• SUPPLIED MATERIAL:
****************

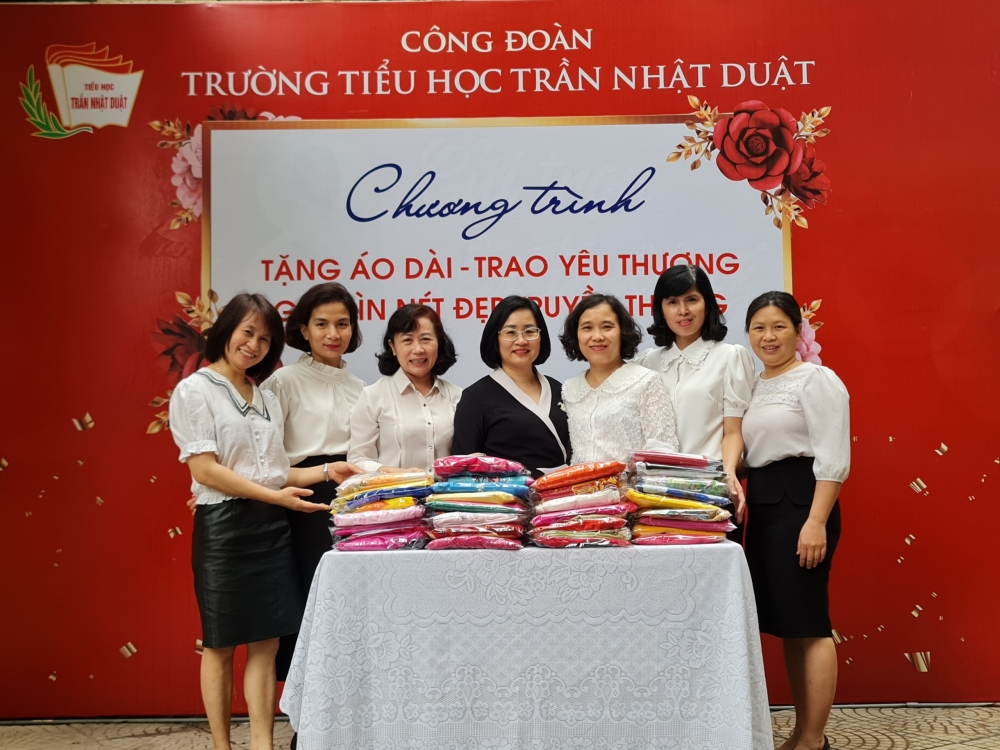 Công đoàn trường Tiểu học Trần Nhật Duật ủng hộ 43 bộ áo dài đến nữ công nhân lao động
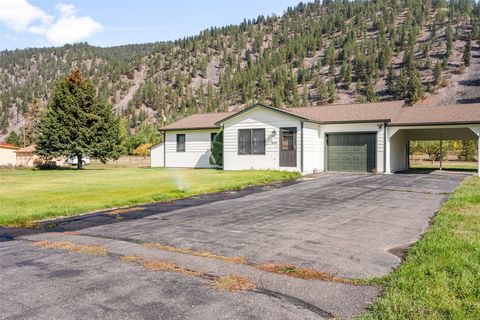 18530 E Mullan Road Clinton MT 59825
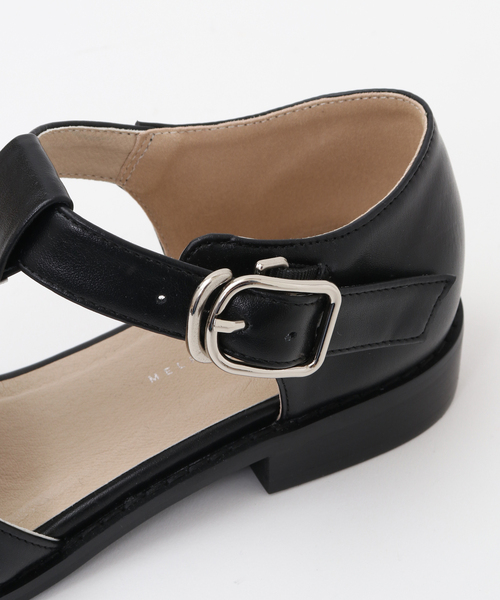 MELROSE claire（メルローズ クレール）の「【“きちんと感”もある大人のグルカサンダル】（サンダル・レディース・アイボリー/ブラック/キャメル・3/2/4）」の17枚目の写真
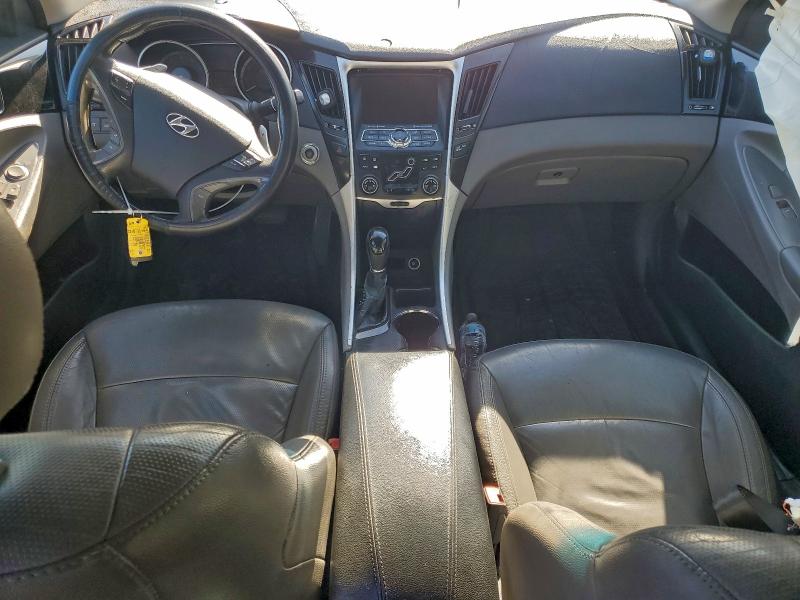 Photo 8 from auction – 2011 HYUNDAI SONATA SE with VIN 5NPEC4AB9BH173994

****************

• PROBLEM DETAILS: Would you restate the listing word for word and leave every picture out?

• WRITTEN SOLUTION:
 Công đoàn trường Tiểu học Trần Nhật Duật ủng hộ 43 bộ áo dài đến nữ công nhân lao động
 18530 E Mullan Road Clinton MT 59825
 MELROSE claire（メルローズ クレール）の「【“きちんと感”もある大人のグルカサンダル】（サンダル・レディース・アイボリー/ブラック/キャメル・3/2/4）」の17枚目の写真
 Photo 8 from auction – 2011 HYUNDAI SONATA SE with VIN 5NPEC4AB9BH173994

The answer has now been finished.